Cinéma Cannes wait…

Les films événements de mai sont-ils tous à Cannes ? Presque ! Heureusement, il y a quelques pépites qui s’intercaleront avant la déferlante festivalière… Christophe Chabert

Il est à peu près sûr que le 15 mai, vous vous précipiterez voir Gatsby le magnifique version Baz Luhrman / Di Caprio (en 3D, s’il vous plaît). Puis dans les jours qui suivront, vous ne raterez pas le premier film en français du réalisateur d’Une séparation (Le Passé d’Asghar Farhadi), le nouveau Winding Refn, toujours avec Ryan Gosling (Only god forgives) et même le dernier Paolo Sorrentino (La Grande beauté, 2h30 de dolce vita contemporaine à Rome). On pourra donc dire que votre mois de mai se fera au rythme des films cannois. Nous les découvrirons à peu près en même temps que vous, donc autant vous vendre de suite notre compte-rendu quotidien du festival, du 15 au 27 mai sur www.petit-bulletin.fr/saint-etienne.

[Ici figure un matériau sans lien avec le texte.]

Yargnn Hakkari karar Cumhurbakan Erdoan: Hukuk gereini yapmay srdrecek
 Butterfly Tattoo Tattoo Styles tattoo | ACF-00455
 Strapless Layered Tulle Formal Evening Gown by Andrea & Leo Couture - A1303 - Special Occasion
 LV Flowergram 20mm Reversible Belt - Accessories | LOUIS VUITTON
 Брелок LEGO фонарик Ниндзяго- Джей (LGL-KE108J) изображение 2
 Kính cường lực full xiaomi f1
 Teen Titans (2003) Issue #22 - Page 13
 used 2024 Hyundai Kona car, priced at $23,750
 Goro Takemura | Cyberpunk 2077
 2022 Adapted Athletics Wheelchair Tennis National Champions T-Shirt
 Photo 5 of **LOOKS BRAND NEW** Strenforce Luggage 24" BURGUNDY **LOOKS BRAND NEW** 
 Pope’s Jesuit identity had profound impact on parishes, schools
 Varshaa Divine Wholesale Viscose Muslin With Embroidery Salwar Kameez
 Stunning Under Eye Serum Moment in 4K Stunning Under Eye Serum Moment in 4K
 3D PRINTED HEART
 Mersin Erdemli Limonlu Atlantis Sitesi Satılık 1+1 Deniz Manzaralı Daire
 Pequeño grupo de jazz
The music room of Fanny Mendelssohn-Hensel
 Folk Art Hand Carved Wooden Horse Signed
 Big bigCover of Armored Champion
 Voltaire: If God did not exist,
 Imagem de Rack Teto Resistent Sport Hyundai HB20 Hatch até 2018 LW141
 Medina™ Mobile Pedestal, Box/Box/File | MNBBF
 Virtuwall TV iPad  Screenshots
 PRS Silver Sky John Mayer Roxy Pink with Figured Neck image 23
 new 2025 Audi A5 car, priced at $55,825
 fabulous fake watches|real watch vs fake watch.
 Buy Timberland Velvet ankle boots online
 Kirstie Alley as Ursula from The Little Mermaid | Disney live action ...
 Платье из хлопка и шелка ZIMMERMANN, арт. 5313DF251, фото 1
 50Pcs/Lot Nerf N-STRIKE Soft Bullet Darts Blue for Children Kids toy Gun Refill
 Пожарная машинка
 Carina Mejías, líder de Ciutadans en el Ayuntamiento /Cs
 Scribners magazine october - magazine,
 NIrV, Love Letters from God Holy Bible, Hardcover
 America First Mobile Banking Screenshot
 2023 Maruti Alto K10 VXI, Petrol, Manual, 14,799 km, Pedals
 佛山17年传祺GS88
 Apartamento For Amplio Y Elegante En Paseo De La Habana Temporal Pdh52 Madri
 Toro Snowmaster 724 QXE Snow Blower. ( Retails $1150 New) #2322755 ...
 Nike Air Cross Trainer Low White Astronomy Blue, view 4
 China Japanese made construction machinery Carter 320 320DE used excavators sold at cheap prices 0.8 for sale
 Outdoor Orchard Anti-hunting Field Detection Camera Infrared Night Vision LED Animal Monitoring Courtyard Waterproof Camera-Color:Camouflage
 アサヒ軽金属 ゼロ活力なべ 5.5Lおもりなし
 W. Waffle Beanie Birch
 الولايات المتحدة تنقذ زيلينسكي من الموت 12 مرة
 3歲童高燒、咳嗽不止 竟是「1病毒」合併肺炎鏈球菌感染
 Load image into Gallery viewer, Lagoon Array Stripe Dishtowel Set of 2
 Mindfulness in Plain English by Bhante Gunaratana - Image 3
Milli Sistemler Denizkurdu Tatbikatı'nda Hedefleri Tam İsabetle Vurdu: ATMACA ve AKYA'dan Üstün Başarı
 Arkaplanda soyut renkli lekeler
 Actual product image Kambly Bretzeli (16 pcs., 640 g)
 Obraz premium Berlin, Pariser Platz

Mais avant Cannes, ce n’est pas encore Cannes, ou si peu. Depuis la présentation au festival de Thirst, son étonnant film de vampires adapté du Thérèse Raquin de Zola, on avait perdu de vue le brillant Park Chan-wook. En fait, il avait quitté ses terres sud-coréennes pour aller tourner en Australie Stoker (1er mai) avec l’épatante Mia Wasikowska et la désormais insaisissable Nicole Kidman. Là encore, il est question d’hybridation, puisque le cinéaste tente un remake de L’Ombre d’un doute mâtiné de fantastique gothique post-Twilight, le tout dans une ébullition stylistique qui conduit à des trésors d’invention graphique. Assez vain mais plutôt distrayant, cette récréation vénéneuse et raffinée remplit allègrement son cahier des charges de film mineur.

Le genre au secours du réel

Ensuite, conseillons deux films imparfaits mais qui témoignent d’une réelle envie d’empoigner des genres pour évoquer des faits réels. L’Islandais Balthasar Kormákur délaisse un temps ses séries B américaines bien foutues pour filmer dans son pays Survivre (8 mai), l’odyssée d’un pêcheur ordinaire qui sauve sa peau en traversant à la nage les eaux glacées après la naufrage de son chalutier. Comme son titre l’indique, Kormákur livre ici un pur survival à la mise en scène impressionnante d’efficacité, qu’il redouble d’un côté par un docu-fiction sur les pêcheurs islandais, de l’autre par une réflexion critique sur la volonté de savoir des scientifiques et de la presse. Pas mal du tout.

Réussi aussi, Rock the casbah (8 mai), premier film de Yariv Horowitz, choisit d’aborder frontalement le conflit autour de la bande de Gaza. Frontalement, c’est-à-dire par le biais d’un pur film de guerre, sec et direct, focalisé sur l’action et la tension de la situation, où des soldats de Tsahal piétinent sur le toit d’une maison pour «sécuriser» le territoire. En racontant la guerre depuis ce spot minuscule et en respectant les règles du genre, Horowitz évite l’humanisme cucul pour faire surgir l’absurdité de ce conflit-là — et par ricochet de tous les conflits.